In [1]:
import pandas as pd
import math
import numpy as np

In [3]:
#load data
train_data = pd.read_csv("D:\\EIC-Code\\00-Python\\Machine-Learning-HW\\DecisionTree\\car\\train.csv", header = None, names = ['buying','maint','doors','persons','lug_boot','safety','label'])
test_data = pd.read_csv("D:\\EIC-Code\\00-Python\\Machine-Learning-HW\\DecisionTree\\car\\test.csv", header = None, names = ['buying','maint','doors','persons','lug_boot','safety','label'])

Processing data

In [4]:
#detect missing value
train_data.isna().sum() #

buying      0
maint       0
doors       0
persons     0
lug_boot    0
safety      0
label       0
dtype: int64

In [5]:
#replace str to value
train_data.replace({"low":1, "med":2, 'high':3, 'vhigh':4,'5more':5, 'more':5, "small":1,"big":3, 'unacc':1, 'acc':2, 'good':3, 'vgood':4}, inplace = True)
train_data = train_data.astype('int') #transfer data to int format
test_data.replace({"low":1, "med":2, 'high':3, 'vhigh':4,'5more':5, 'more':5, "small":1,"big":3, 'unacc':1, 'acc':2, 'good':3, 'vgood':4}, inplace = True)
test_data = test_data.astype('int') #transfer data to int format

| label values

unacc(1), acc(2), good(3), vgood(4)

| attributes

buying:   vhigh(4), high(3), med(2), low(1).

maint:    vhigh(4), high(3), med(2), low(1).

doors:    2, 3, 4, 5more(5).

persons:  2, 4, more(5).

lug_boot: small(1), med(2), big(3).

safety:   low(1), med(2), high(3).

Function for calculating information gain

In [6]:
#calculate entropy
def entropy (data, label):

    entropy = 0

    unique_type = sorted(data[label].unique())
    sum_type = []
    for i in unique_type:
        #lable is the outcome
        subvalue = len(data[data[label] == i])/len(data)
        sublog = subvalue*math.log2(subvalue)
        sum_type.append(sublog)

    if 0 not in sum_type: # decide if the tree equal to zero
        entropy = - sum(sum_type)

    return entropy

In [7]:
def ME_fun(data, label):
    
    unique_type = sorted(data[label].unique())
    sum_type = []
    for i in unique_type:
        #lable is the outcome
        subvalue = len(data[data[label] == i])
        sum_type.append(subvalue)

    min_category = min(sum_type)
    total_category = sum(sum_type)
    me_value = min_category/total_category
    return(me_value) #

In [8]:
def Gini(data, label):
    
    unique_type = sorted(data[label].unique())
    sum_type = []

    for i in unique_type:
        #lable is the outcome
        subvalue = len(data[data[label] == i])/len(data)
        subvalue2 = math.pow(subvalue, 2)
        sum_type.append(subvalue)

    sum_category = sum(sum_type)
    gini = 1 - sum_category

    return(gini)

In [9]:
def information_gain_fun(data, type, y): 

    copy_data_frame = data
    len_x = len(copy_data_frame.columns)-1

    if type == 'en':
        total_entropy = entropy(copy_data_frame, y)
    elif type == "me":
        total_entropy = ME_fun(copy_data_frame, y)
    elif type == "gini":
        total_entropy = Gini(copy_data_frame, y)
    else:
        #print('Default is entropy')
        total_entropy = entropy(copy_data_frame, y)

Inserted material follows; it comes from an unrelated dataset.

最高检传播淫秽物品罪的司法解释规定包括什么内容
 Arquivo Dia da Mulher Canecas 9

    output_table = pd.DataFrame(columns = ['factor','decision_value'])

    for i in range(len_x):
        varx = copy_data_frame.columns[i]
        varx_categorpy = copy_data_frame[varx].unique()
        
        entropy_lst = []
        len_var = len(copy_data_frame[varx])

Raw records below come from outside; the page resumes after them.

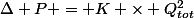 \Delta P = K \times Q_{tot}^2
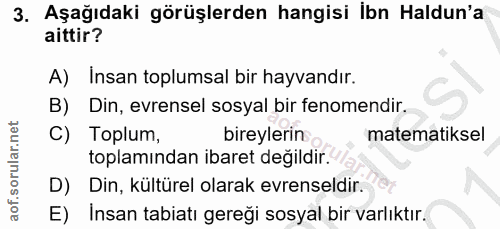 3. soru: Aşağıdaki görüşlerden hangisi İbn Haldun'a aittir? A) Insan toplumsal bir hayvandır. B) Din, evrensel sosyal bir feno…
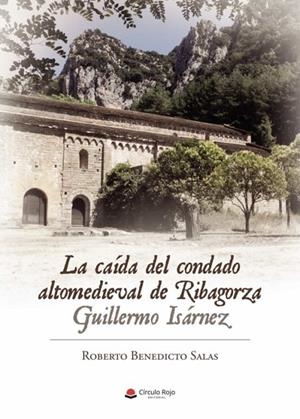CAÍDA DEL CONDADO ALTOMEDIEVAL DE RIBAGORZA, LA | 9788411154369 | BENEDICTO SALAS, ROBERTO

        for i in sorted(varx_categorpy):
            varsub = copy_data_frame[copy_data_frame[varx] == i] #x = 1 data
            if type == 'en':
                varsub_entropy = entropy(varsub, y)
            elif type == "me":
                varsub_entropy = ME_fun(varsub, y)
            elif type == "gini":
                varsub_entropy = Gini(varsub, y)
            else:
                #print('Default is entropy')
                varsub_entropy = entropy(varsub, y)

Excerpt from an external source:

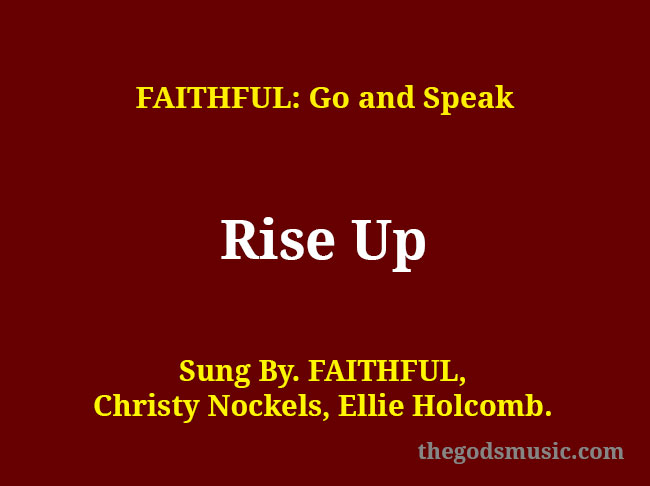 rise-up-song-lyrics-christian-song-chords-and-lyrics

            proportion= len(varsub)/len_var
            entropy_var_category = proportion*varsub_entropy
            entropy_lst.append(entropy_var_category)

        expected_entropy = sum(entropy_lst)
        information_gain = total_entropy - expected_entropy
        row = {'factor': varx,"decision_value":information_gain}
        output_table = pd.concat([output_table, pd.DataFrame([row])], ignore_index = True)


    # Find the index of the maximum value in the 'decision_value' column
    max_index = output_table['decision_value'].idxmax()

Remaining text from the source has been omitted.